Insisto que esta é uma questão fundamental, estudar melhor as relações complexas entre sociedade e ditadura, para compreender as tendências profundas da nossa história, porque a ditadura, afinal de contas, foi à expressão de tendências autoritárias do País, tendências conservadoras e que inclusive podem ser perfeitamente associadas à mudança. Os conservadores nem sempre são reacionários, no sentido próprio da palavra, passadistas, arcaizantes, eles, às vezes, são modernizantes, e a ditadura civil-militar brasileira modernizou o País. Esse é um primeiro convite à reflexão que faço, a necessidade de estudar melhor às direitas, focar os vencedores, para que se possa compreender porque venceram. Se venceram, é porque tiveram apoio da sociedade, então esse é o primeiro ponto.
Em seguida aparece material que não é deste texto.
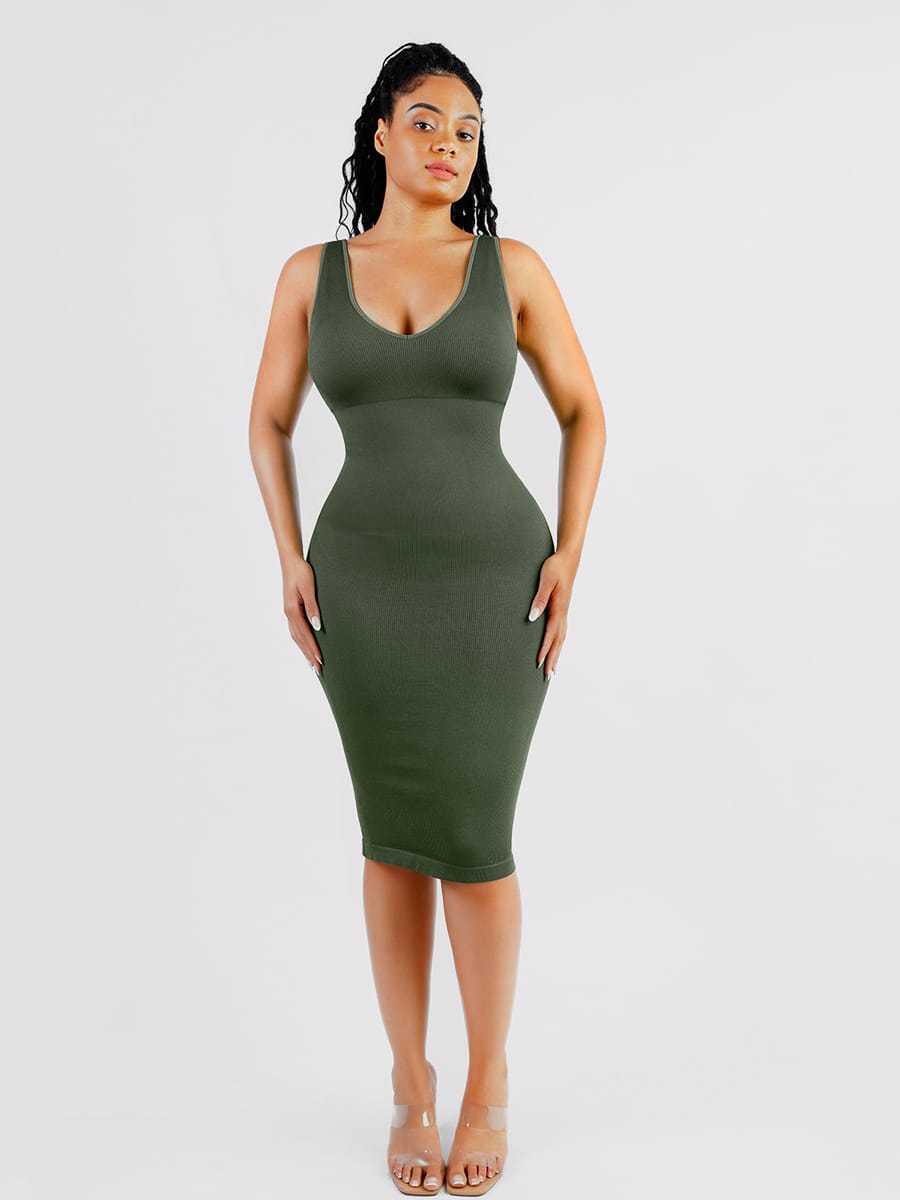 Eco-friendly Seamless Deep V-neck Waist Trimming Shaping Dress with Removable Pads - FirmaSculpt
Antes de 1964, estavam em um movimento de radicalização, apontando para reformas profundas no País que levariam à superação e à destruição do capitalismo, à instauração de uma ditadura revolucionária. É muito difícil encontrar na documentação das esquerdas revolucionárias do Brasil elogios à democracia. As organizações queriam destruir o capitalismo, as forças armadas e instaurar uma ditadura revolucionária, como era o padrão do socialismo revolucionário do século XX. Com efeito, as grandes revoluções socialistas do século XX desembocaram em ditaduras revolucionárias, aconteceu na URSS, na China e em Cuba. Então, nada mais razoável, coerente, congruente que essas esquerdas revolucionárias raciocinassem nesses termos. Foram então à luta numa perspectiva ofensiva, revolucionária.
Fonte: Daniel Aarão Reis Filho - Ditadura militar e revolução socialista no Brasil- historiador e professor titular de História Contemporânea na Universidade Federal Fluminense (UFF). Possui diversos livros e artigos publicados sobre a história da esquerda no Brasil bem como sobre a história da experiência socialista no século XX.
Comentário: Na época os políticos Carlos Lacerda, Magalhães Pinto, Adhemar de Barros, Ulysses Guimarães e Juscelino Kubitschek, também apoiaram a revolução pensando que ela fosse passageira, com a função apenas de eliminar as organizações da esquerda e posteriormente voltaria o jogo político.